**Problem to solve:** Copy out word for word the line with "Топ в морском" and the lines that follow it in the listing below, up to the final one.

BEGIN

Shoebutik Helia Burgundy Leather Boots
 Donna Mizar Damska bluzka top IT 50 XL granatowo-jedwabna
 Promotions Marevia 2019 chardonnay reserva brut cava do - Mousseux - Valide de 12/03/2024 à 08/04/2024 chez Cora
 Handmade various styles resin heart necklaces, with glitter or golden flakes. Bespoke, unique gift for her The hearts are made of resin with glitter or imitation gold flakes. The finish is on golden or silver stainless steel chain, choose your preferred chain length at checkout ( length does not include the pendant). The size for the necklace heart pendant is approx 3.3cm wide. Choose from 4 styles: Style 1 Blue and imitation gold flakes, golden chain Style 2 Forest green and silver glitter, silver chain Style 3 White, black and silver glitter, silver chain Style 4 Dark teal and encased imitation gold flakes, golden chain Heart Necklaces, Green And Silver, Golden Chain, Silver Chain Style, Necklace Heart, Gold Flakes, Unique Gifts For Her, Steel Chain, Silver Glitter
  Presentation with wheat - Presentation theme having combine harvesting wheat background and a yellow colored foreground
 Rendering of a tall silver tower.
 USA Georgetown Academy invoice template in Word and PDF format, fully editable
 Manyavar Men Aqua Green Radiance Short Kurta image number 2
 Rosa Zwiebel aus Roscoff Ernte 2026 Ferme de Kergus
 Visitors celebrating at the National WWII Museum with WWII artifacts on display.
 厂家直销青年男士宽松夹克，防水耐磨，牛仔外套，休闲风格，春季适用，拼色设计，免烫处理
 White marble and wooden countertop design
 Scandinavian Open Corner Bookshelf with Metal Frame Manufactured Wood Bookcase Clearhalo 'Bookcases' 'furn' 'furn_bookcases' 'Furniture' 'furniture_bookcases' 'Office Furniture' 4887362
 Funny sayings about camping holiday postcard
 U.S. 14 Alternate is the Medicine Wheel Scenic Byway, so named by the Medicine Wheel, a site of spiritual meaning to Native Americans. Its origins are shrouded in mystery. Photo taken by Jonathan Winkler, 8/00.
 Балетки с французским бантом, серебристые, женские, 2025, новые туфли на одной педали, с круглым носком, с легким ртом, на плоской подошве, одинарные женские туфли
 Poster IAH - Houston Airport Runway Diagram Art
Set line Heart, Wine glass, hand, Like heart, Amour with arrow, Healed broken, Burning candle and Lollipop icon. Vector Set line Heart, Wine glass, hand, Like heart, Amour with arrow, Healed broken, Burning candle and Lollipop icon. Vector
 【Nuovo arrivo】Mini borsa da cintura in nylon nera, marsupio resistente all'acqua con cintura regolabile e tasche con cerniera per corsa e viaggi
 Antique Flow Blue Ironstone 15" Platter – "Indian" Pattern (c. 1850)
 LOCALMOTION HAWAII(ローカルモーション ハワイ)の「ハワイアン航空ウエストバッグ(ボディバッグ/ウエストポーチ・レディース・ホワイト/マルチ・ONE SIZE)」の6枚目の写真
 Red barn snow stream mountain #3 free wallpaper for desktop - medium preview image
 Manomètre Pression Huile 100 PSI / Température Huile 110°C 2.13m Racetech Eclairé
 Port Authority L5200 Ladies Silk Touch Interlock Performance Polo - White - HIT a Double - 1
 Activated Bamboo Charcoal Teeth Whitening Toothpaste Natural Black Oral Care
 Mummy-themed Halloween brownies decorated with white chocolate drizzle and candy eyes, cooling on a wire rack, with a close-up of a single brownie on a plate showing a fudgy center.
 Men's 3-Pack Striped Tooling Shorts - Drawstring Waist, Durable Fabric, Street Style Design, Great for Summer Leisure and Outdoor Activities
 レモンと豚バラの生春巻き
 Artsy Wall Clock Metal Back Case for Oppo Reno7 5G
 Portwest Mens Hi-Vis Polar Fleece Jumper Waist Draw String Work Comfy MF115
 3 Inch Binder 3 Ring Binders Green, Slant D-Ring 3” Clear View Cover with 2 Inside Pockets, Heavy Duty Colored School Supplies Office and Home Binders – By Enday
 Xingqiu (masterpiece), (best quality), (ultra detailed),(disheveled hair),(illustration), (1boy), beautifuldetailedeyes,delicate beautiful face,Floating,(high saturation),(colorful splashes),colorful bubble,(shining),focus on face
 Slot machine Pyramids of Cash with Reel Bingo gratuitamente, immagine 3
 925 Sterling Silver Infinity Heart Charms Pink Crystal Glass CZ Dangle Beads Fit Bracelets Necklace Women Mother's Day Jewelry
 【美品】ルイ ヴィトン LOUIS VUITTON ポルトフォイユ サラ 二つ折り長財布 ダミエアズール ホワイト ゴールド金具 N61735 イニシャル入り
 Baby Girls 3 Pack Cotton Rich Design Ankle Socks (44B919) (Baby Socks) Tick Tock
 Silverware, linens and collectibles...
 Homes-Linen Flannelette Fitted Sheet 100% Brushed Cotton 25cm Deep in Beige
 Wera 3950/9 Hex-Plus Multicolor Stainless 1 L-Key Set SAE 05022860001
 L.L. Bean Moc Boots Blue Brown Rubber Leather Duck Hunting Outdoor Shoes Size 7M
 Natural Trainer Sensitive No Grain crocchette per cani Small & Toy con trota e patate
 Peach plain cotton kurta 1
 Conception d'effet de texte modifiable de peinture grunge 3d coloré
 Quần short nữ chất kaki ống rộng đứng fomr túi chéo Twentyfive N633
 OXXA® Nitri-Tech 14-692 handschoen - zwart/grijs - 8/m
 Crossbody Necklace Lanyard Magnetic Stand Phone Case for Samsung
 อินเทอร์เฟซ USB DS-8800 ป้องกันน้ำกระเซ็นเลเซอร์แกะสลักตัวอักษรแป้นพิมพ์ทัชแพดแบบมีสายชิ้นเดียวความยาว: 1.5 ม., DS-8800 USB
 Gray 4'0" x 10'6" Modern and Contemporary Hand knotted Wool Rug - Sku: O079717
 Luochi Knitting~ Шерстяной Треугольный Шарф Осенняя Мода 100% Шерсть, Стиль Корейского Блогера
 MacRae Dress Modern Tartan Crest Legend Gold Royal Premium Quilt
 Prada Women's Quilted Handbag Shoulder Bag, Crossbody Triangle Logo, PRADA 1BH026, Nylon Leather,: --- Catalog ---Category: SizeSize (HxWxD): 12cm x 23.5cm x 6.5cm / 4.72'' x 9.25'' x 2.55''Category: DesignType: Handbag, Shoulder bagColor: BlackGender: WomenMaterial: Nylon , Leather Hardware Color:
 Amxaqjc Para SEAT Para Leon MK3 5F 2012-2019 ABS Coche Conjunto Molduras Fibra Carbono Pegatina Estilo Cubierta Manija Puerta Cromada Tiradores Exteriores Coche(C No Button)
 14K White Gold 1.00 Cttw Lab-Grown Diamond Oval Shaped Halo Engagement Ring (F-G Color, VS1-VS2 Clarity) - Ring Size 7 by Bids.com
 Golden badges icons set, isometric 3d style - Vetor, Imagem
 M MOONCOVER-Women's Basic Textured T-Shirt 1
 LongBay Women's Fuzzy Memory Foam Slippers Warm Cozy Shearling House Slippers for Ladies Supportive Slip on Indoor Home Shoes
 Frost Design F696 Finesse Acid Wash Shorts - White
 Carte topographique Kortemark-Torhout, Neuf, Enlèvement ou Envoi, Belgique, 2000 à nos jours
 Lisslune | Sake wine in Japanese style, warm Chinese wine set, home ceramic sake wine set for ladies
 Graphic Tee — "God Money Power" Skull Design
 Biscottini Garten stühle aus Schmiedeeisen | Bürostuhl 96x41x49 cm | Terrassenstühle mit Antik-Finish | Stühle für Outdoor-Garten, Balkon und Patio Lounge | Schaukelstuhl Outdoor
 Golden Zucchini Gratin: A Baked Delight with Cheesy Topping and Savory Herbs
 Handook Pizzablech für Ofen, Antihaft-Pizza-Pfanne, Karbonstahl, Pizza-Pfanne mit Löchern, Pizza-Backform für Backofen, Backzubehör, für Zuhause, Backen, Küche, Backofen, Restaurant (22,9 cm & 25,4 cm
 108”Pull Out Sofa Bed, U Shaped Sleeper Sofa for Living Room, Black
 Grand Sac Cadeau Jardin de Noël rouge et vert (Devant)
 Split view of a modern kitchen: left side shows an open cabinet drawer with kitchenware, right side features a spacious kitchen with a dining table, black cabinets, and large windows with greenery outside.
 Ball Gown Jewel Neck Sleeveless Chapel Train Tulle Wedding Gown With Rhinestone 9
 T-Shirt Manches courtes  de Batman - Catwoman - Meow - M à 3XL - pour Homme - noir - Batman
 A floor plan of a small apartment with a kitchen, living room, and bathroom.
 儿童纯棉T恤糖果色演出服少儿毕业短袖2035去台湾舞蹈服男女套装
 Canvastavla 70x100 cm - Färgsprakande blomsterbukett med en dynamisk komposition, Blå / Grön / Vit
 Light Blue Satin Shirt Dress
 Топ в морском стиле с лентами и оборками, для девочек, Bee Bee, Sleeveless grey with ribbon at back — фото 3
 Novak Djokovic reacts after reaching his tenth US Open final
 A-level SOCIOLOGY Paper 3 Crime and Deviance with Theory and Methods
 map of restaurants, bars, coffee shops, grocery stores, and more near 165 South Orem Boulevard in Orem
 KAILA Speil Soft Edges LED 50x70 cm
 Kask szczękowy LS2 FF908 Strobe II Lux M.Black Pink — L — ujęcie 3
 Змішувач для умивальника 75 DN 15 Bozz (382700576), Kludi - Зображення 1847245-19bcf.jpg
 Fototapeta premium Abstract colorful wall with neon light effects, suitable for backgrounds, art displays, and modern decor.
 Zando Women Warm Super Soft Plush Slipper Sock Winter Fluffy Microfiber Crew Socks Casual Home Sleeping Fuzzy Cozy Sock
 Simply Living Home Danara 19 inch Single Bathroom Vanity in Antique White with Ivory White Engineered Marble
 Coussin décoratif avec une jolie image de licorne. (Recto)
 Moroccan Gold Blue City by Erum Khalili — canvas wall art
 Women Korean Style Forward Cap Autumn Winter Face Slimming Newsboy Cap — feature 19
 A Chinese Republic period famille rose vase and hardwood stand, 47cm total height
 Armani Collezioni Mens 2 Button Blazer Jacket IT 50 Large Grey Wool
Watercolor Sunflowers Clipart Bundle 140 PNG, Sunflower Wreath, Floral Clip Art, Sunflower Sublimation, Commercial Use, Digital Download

END

**Your response:**
 Топ в морском стиле с лентами и оборками, для девочек, Bee Bee, Sleeveless grey with ribbon at back — фото 3
 Novak Djokovic reacts after reaching his tenth US Open final
 A-level SOCIOLOGY Paper 3 Crime and Deviance with Theory and Methods
 map of restaurants, bars, coffee shops, grocery stores, and more near 165 South Orem Boulevard in Orem
 KAILA Speil Soft Edges LED 50x70 cm
 Kask szczękowy LS2 FF908 Strobe II Lux M.Black Pink — L — ujęcie 3
 Змішувач для умивальника 75 DN 15 Bozz (382700576), Kludi - Зображення 1847245-19bcf.jpg
 Fototapeta premium Abstract colorful wall with neon light effects, suitable for backgrounds, art displays, and modern decor.
 Zando Women Warm Super Soft Plush Slipper Sock Winter Fluffy Microfiber Crew Socks Casual Home Sleeping Fuzzy Cozy Sock
 Simply Living Home Danara 19 inch Single Bathroom Vanity in Antique White with Ivory White Engineered Marble
 Coussin décoratif avec une jolie image de licorne. (Recto)
 Moroccan Gold Blue City by Erum Khalili — canvas wall art
 Women Korean Style Forward Cap Autumn Winter Face Slimming Newsboy Cap — feature 19
 A Chinese Republic period famille rose vase and hardwood stand, 47cm total height
 Armani Collezioni Mens 2 Button Blazer Jacket IT 50 Large Grey Wool
Watercolor Sunflowers Clipart Bundle 140 PNG, Sunflower Wreath, Floral Clip Art, Sunflower Sublimation, Commercial Use, Digital Download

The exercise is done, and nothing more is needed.